### Work instruction
Restate each of the lines given below, word for word.

Short web captions
────
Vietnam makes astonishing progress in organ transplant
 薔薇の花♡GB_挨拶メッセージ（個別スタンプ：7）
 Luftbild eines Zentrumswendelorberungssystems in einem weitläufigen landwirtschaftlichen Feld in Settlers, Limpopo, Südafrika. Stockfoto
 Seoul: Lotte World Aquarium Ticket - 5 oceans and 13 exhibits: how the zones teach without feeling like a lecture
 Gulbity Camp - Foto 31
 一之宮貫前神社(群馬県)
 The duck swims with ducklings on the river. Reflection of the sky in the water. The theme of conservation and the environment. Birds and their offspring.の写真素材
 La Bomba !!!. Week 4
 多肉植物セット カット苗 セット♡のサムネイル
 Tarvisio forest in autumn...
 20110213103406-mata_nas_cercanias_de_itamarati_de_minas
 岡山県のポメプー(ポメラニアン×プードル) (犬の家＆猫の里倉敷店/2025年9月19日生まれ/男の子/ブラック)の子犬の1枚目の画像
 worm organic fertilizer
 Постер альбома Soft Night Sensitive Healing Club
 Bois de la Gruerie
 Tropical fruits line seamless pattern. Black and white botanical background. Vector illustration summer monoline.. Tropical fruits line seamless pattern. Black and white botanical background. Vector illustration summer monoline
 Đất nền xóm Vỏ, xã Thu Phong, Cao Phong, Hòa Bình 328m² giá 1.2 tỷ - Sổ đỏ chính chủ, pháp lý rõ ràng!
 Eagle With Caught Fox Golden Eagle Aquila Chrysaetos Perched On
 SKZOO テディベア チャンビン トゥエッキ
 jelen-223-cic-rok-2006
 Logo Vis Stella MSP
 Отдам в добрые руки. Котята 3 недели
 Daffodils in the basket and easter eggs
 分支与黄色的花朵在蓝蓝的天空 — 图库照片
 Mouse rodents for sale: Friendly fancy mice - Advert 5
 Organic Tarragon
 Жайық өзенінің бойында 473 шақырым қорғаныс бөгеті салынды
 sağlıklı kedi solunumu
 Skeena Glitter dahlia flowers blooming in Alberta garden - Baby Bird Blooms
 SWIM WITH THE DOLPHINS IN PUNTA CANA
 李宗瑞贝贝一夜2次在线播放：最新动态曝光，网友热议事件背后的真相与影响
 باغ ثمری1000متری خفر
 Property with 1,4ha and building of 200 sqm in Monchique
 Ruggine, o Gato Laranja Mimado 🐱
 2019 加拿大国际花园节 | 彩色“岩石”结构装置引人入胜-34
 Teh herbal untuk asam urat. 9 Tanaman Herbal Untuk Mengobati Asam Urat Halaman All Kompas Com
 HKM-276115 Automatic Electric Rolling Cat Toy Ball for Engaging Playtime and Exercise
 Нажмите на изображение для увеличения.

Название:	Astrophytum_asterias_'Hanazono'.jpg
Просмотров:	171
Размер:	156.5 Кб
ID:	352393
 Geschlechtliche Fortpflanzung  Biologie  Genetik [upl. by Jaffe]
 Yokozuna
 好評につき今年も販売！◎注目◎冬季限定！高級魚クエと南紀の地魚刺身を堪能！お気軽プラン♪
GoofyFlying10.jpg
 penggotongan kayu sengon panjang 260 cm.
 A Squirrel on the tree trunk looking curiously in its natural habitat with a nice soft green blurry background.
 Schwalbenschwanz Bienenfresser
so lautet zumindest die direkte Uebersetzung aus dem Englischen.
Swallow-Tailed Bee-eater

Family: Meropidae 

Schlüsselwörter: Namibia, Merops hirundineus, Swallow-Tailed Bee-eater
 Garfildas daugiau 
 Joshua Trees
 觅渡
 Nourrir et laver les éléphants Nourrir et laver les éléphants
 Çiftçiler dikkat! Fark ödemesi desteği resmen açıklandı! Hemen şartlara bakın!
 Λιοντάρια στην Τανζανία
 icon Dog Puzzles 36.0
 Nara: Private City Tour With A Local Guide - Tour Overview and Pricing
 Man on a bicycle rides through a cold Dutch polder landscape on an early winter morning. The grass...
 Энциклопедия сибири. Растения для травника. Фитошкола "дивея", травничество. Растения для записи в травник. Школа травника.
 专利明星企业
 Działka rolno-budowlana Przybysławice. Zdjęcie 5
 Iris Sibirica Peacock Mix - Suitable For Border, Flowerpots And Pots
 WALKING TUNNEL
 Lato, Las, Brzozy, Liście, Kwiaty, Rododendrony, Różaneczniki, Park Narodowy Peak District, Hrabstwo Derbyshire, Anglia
────
### Response below
Vietnam makes astonishing progress in organ transplant
 薔薇の花♡GB_挨拶メッセージ（個別スタンプ：7）
 Luftbild eines Zentrumswendelorberungssystems in einem weitläufigen landwirtschaftlichen Feld in Settlers, Limpopo, Südafrika. Stockfoto
 Seoul: Lotte World Aquarium Ticket - 5 oceans and 13 exhibits: how the zones teach without feeling like a lecture
 Gulbity Camp - Foto 31
 一之宮貫前神社(群馬県)
 The duck swims with ducklings on the river. Reflection of the sky in the water. The theme of conservation and the environment. Birds and their offspring.の写真素材
 La Bomba !!!. Week 4
 多肉植物セット カット苗 セット♡のサムネイル
 Tarvisio forest in autumn...
 20110213103406-mata_nas_cercanias_de_itamarati_de_minas
 岡山県のポメプー(ポメラニアン×プードル) (犬の家＆猫の里倉敷店/2025年9月19日生まれ/男の子/ブラック)の子犬の1枚目の画像
 worm organic fertilizer
 Постер альбома Soft Night Sensitive Healing Club
 Bois de la Gruerie
 Tropical fruits line seamless pattern. Black and white botanical background. Vector illustration summer monoline.. Tropical fruits line seamless pattern. Black and white botanical background. Vector illustration summer monoline
 Đất nền xóm Vỏ, xã Thu Phong, Cao Phong, Hòa Bình 328m² giá 1.2 tỷ - Sổ đỏ chính chủ, pháp lý rõ ràng!
 Eagle With Caught Fox Golden Eagle Aquila Chrysaetos Perched On
 SKZOO テディベア チャンビン トゥエッキ
 jelen-223-cic-rok-2006
 Logo Vis Stella MSP
 Отдам в добрые руки. Котята 3 недели
 Daffodils in the basket and easter eggs
 分支与黄色的花朵在蓝蓝的天空 — 图库照片
 Mouse rodents for sale: Friendly fancy mice - Advert 5
 Organic Tarragon
 Жайық өзенінің бойында 473 шақырым қорғаныс бөгеті салынды
 sağlıklı kedi solunumu
 Skeena Glitter dahlia flowers blooming in Alberta garden - Baby Bird Blooms
 SWIM WITH THE DOLPHINS IN PUNTA CANA
 李宗瑞贝贝一夜2次在线播放：最新动态曝光，网友热议事件背后的真相与影响
 باغ ثمری1000متری خفر
 Property with 1,4ha and building of 200 sqm in Monchique
 Ruggine, o Gato Laranja Mimado 🐱
 2019 加拿大国际花园节 | 彩色“岩石”结构装置引人入胜-34
 Teh herbal untuk asam urat. 9 Tanaman Herbal Untuk Mengobati Asam Urat Halaman All Kompas Com
 HKM-276115 Automatic Electric Rolling Cat Toy Ball for Engaging Playtime and Exercise
 Нажмите на изображение для увеличения.

Название:	Astrophytum_asterias_'Hanazono'.jpg
Просмотров:	171
Размер:	156.5 Кб
ID:	352393
 Geschlechtliche Fortpflanzung  Biologie  Genetik [upl. by Jaffe]
 Yokozuna
 好評につき今年も販売！◎注目◎冬季限定！高級魚クエと南紀の地魚刺身を堪能！お気軽プラン♪
GoofyFlying10.jpg
 penggotongan kayu sengon panjang 260 cm.
 A Squirrel on the tree trunk looking curiously in its natural habitat with a nice soft green blurry background.
 Schwalbenschwanz Bienenfresser
so lautet zumindest die direkte Uebersetzung aus dem Englischen.
Swallow-Tailed Bee-eater

Family: Meropidae 

Schlüsselwörter: Namibia, Merops hirundineus, Swallow-Tailed Bee-eater
 Garfildas daugiau 
 Joshua Trees
 觅渡
 Nourrir et laver les éléphants Nourrir et laver les éléphants
 Çiftçiler dikkat! Fark ödemesi desteği resmen açıklandı! Hemen şartlara bakın!
 Λιοντάρια στην Τανζανία
 icon Dog Puzzles 36.0
 Nara: Private City Tour With A Local Guide - Tour Overview and Pricing
 Man on a bicycle rides through a cold Dutch polder landscape on an early winter morning. The grass...
 Энциклопедия сибири. Растения для травника. Фитошкола "дивея", травничество. Растения для записи в травник. Школа травника.
 专利明星企业
 Działka rolno-budowlana Przybysławice. Zdjęcie 5
 Iris Sibirica Peacock Mix - Suitable For Border, Flowerpots And Pots
 WALKING TUNNEL
 Lato, Las, Brzozy, Liście, Kwiaty, Rododendrony, Różaneczniki, Park Narodowy Peak District, Hrabstwo Derbyshire, Anglia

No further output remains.